■ Task item ■
Leave out every picture and set down, exactly, the lines below from the one holding "Подова лампа с" up to and including the one holding "Volantino promozionale Hardis".

■ Source records ■

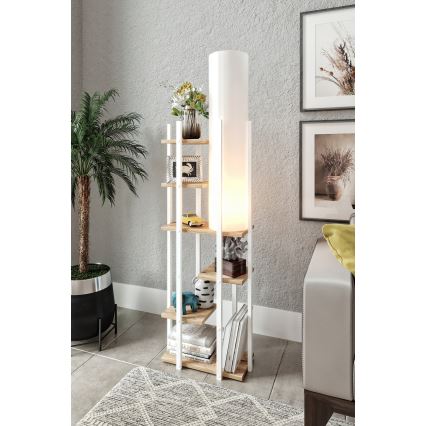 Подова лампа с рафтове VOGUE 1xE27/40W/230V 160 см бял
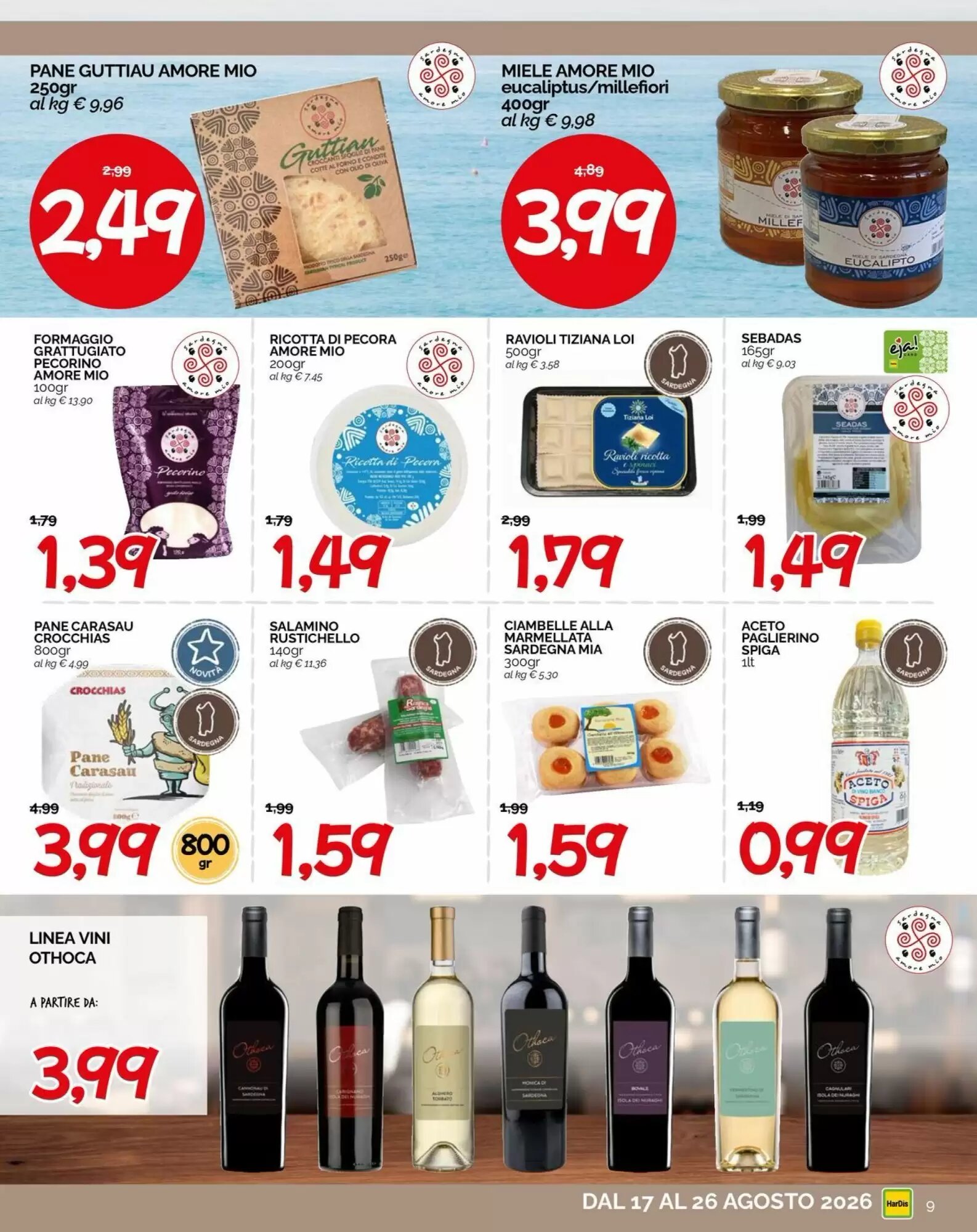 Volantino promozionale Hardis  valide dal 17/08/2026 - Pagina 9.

==

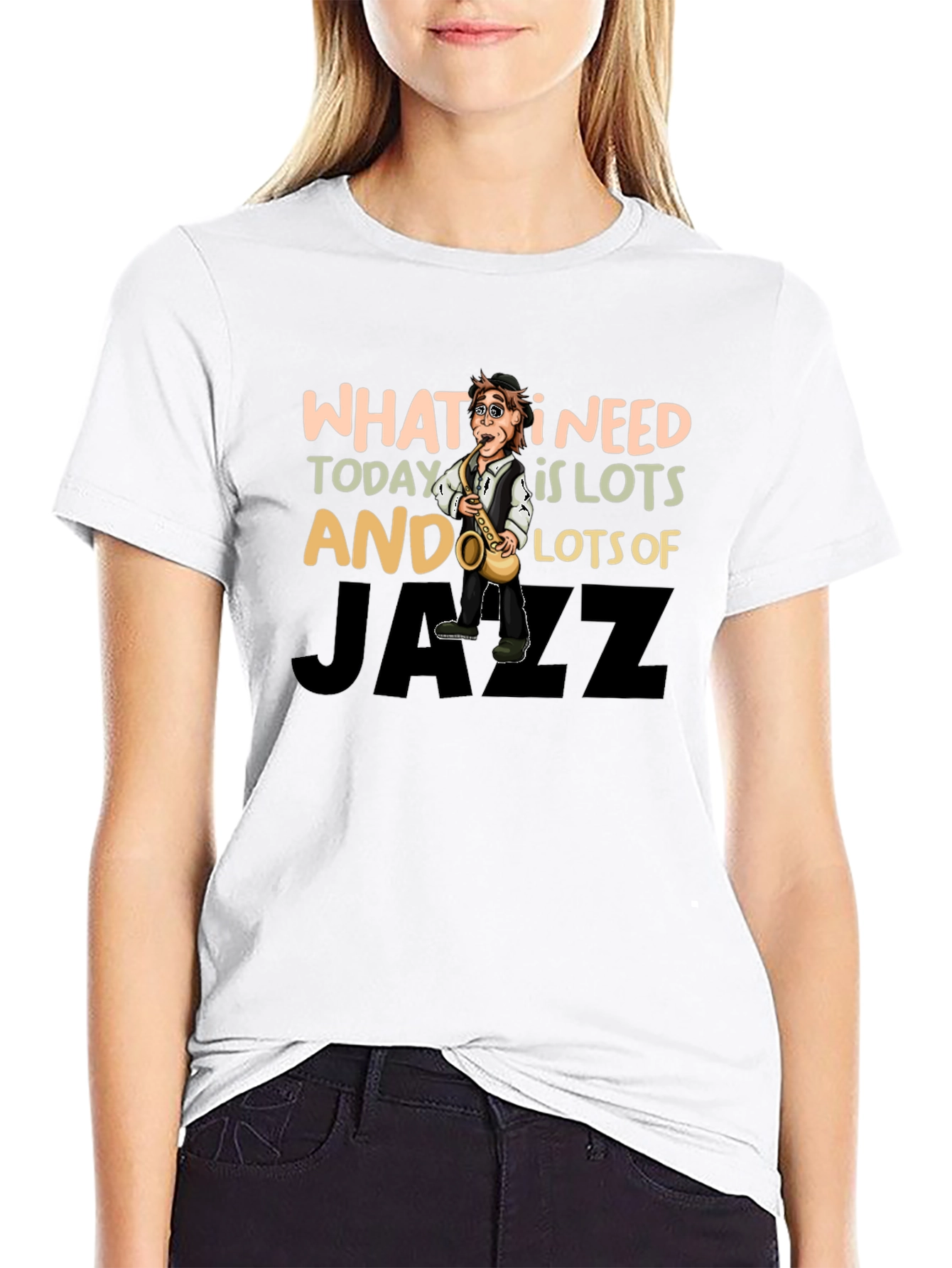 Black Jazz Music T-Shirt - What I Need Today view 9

■ Exercise response ■
 Подова лампа с рафтове VOGUE 1xE27/40W/230V 160 см бял
 Volantino promozionale Hardis  valide dal 17/08/2026 - Pagina 9.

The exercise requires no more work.